National Reformation

Then Samuel spoke to all the house of Israel, saying, “If you return to the LORD with all your hearts, then put away the foreign gods and the Ashtoreths from among you, and prepare your hearts for the LORD, and serve Him only; and He will deliver you from the hand of the Philistines.” So the children of Israel put away the Baals and the Ashtoreths, and served the LORD only.  And Samuel said, “Gather all Israel to Mizpah, and I will pray to the LORD for you.” So they gathered together at Mizpah, drew water, and poured it out before the LORD. And they fasted that day, and said there, “We have sinned against the LORD. And Samuel judged the children of Israel in Mizpeh” (1 Sam 7:3-6).
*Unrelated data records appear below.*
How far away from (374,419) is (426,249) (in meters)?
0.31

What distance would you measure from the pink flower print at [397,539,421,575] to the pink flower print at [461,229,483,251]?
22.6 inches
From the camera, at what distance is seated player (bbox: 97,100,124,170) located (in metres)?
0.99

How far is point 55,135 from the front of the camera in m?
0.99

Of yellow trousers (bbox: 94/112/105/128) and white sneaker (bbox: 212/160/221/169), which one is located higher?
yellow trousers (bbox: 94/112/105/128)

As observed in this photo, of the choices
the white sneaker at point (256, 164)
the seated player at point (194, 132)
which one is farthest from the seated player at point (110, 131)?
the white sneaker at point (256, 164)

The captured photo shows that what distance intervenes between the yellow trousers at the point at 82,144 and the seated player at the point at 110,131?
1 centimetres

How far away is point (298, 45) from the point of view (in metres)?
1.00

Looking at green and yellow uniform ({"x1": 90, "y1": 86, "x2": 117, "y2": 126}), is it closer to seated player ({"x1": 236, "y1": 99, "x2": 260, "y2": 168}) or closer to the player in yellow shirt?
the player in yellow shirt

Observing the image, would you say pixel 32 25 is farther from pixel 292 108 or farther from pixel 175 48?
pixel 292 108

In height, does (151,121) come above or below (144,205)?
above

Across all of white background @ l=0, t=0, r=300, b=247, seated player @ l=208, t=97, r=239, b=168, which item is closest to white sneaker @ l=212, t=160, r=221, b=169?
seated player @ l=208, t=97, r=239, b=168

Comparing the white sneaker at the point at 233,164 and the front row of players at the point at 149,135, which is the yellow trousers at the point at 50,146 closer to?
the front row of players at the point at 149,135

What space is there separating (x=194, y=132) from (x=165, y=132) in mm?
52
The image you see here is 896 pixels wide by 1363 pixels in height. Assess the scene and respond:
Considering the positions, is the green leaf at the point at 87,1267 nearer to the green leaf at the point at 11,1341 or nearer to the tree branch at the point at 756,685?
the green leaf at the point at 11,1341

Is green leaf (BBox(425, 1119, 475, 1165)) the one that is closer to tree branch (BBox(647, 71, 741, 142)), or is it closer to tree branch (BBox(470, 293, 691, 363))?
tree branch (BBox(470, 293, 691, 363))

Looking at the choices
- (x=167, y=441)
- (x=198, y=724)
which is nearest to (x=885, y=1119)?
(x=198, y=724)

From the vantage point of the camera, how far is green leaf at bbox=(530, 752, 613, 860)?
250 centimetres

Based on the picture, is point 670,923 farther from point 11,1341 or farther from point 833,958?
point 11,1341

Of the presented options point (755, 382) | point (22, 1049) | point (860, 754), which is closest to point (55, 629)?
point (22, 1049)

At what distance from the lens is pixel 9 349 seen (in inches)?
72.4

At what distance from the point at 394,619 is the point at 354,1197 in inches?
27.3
From Matthew Henry’s Commentary:

We may well wonder where Samuel was and what he was doing all this while, for we have not had him so much as named till now, since 1Sam 4:1. Not as if he was unconcerned, but his labors among his people are not mentioned till there appears the fruit of them. When he noticed that they began to lament after the Lord he struck while the iron was hot. Two things he endeavored to do for them, as a faithful servant of God and a faithful friend to the Israel of God. I believe the same is about to be done by the organizers of this program. We cannot afford but to join hands and hearts to pray.
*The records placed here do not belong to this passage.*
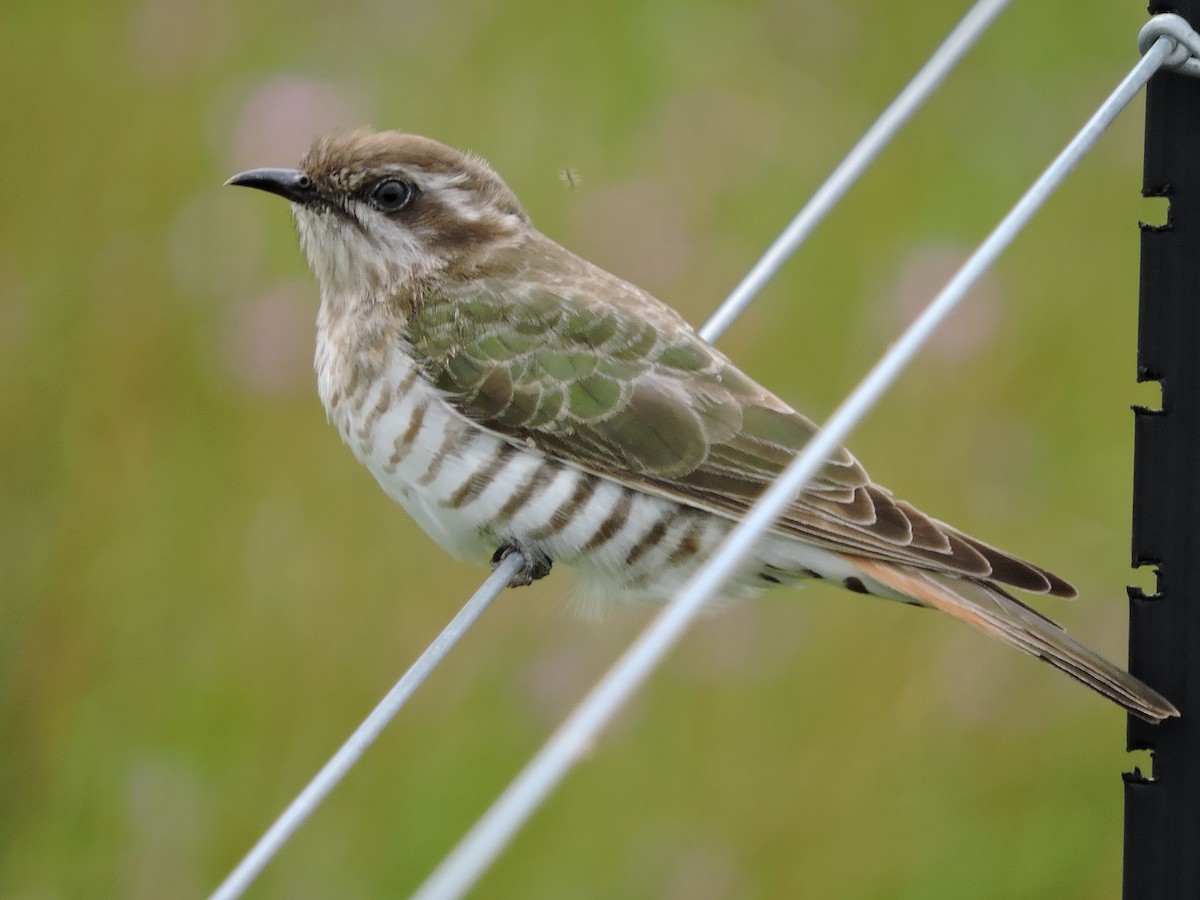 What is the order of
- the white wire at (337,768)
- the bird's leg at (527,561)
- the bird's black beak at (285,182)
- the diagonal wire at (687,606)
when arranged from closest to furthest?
the diagonal wire at (687,606), the white wire at (337,768), the bird's leg at (527,561), the bird's black beak at (285,182)

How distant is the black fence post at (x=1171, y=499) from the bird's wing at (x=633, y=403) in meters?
0.76

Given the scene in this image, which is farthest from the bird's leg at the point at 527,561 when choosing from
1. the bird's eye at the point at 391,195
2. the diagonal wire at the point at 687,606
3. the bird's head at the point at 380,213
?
the diagonal wire at the point at 687,606

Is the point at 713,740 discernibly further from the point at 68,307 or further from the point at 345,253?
the point at 68,307

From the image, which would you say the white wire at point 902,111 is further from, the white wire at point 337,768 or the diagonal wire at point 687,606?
the white wire at point 337,768

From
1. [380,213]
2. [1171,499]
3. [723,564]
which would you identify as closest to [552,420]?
[380,213]

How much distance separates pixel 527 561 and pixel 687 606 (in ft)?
5.95

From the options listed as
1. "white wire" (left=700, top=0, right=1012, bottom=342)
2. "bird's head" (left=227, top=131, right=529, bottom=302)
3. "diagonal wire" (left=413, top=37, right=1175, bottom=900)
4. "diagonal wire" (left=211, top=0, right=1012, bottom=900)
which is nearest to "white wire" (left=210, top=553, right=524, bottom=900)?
"diagonal wire" (left=211, top=0, right=1012, bottom=900)

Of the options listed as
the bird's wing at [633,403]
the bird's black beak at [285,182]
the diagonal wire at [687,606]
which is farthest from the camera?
the bird's black beak at [285,182]

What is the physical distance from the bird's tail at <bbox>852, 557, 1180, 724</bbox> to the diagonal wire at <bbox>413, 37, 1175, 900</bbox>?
704 mm

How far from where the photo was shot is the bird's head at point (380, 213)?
12.2ft

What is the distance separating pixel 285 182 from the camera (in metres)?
3.71

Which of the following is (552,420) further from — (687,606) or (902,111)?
(687,606)

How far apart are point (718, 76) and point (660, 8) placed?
394mm

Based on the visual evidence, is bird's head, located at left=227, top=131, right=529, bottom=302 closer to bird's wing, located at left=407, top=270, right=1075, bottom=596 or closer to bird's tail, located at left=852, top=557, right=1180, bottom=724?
bird's wing, located at left=407, top=270, right=1075, bottom=596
I. Samuel endeavored to separate between them and their idols, for their reformation must begin.

He spoke to all the house of Israel (1Sam 7:3), going, as it should seem, from place to place, an itinerant preacher (for we find not that they were gathered together till 1Sam 7:5), and wherever he came this was his exhortation, “If you do indeed return to the Lord, as you seem inclined to do, by your lamentations for your departure from Him and His from you, then know:

1. That you must renounce and abandon your idols; put away the strange gods, for your God will admit no rival; put them away from you. Do what you can, in your places, to rid them out of the country. Put away Baalim, the strange gods, and Ashtaroth, the strange goddesses,” for such also they had. Ashtaroth is particularly named because it was the best-beloved idol, and that which they were most wedded to. Note, True repentance strikes at the darling sin, and will with a peculiar zeal and resolution put away that, the sin which most easily besets us.

2. “That you must make a solemn business of returning to God, and do it with a serious consideration and a steadfast resolution. We must note that both are included in preparing the heart, directing, disposing, establishing, the heart unto the Lord.

3. That you must be wholly for God, for Him and no other, serve Him only, else you do not serve Him at all.

4. That this is the only way and a sure way to prosperity and deliverance. Take this advice and He will deliver you out of the hand of the Philistines; for it was because you forsook Him and served other gods that he delivered you into their hands.” This was the centre of Samuel’s preaching, and it had a wonderfully good effect (1Sam 7:4).

They decided to put away Baalim and Ashtaroth, not only quitted the worship of them, but destroyed their images, demolished their altars, and quite abandoned them. What have we to do any more with idols? Hos 14:8; Isa 30:22.

II. Samuel endeavoured to engage them for ever to God and his service.

Now that he had them in a good mind he did all he could to keep them in it.

1. He summons all Israel, at least by their elders, as their representatives, to meet him at Mizpeh (1Sam 7:5), and there he promises to pray for them. And it was worth while for them to come from the remotest part of the country to join with Samuel in seeking God’s favor.

Note, Ministers should pray for those to whom they preach and not only them but also pray for those in government authorities that God by his grace would make the preaching effectual. And, when we come together in religious assemblies, we must remember that it is as much our business there to join in public prayers as it is to hear a sermon. Samuel would pray for them that, by the grace of God, they might be parted from their idols, and that then, by the providence of God, they might be delivered from the Philistines.

2. They obeyed his summons, and not only come to the meeting, but conformed to the intentions of it, and appeared there very well disposed, 1Sam 7:6.

(a.) They drew water and poured it out before the Lord, signifying, [1.] Their humiliation and contrition for sin, owning themselves as water spilt upon the ground cannot be gathered up again (2Sam 14:14). [2.] Their earnest prayers and supplications to God for mercy. The soul is, in prayer, poured out before God, Psa 62:8. [3.] Their universal reformation; they thus expressed their willingness to part with all their sins, and to retain no more of the relish or savor of them than the vessel does of the water that is poured out of it. [4.] Some think it signifies their joy in the hope of God’s mercy, which Samuel had assured them of.

(b.) They fasted, abstained from food, afflicted their souls, so expressing repentance and exciting devotion.

(c.) They made a public confession: We have sinned against the Lord, so giving glory to God and taking shame to themselves. And, if we thus confess our sins, we shall find our God faithful and just to forgive us our sins.

3. Samuel judged them at that time in Mizpeh, that is, he assured them, in God’s name, of the pardon of their sins, upon their repentance, and that God was reconciled to them. It was a judgment of absolution.

The coming together of pastors to seek the face of God in prayer in July 2011 is timely. I commend the organizers of this program and encourage all pastors and families to join and mobilize others to do same. If we will come, humble ourselves and pray. God will surely answer and He will heal our land.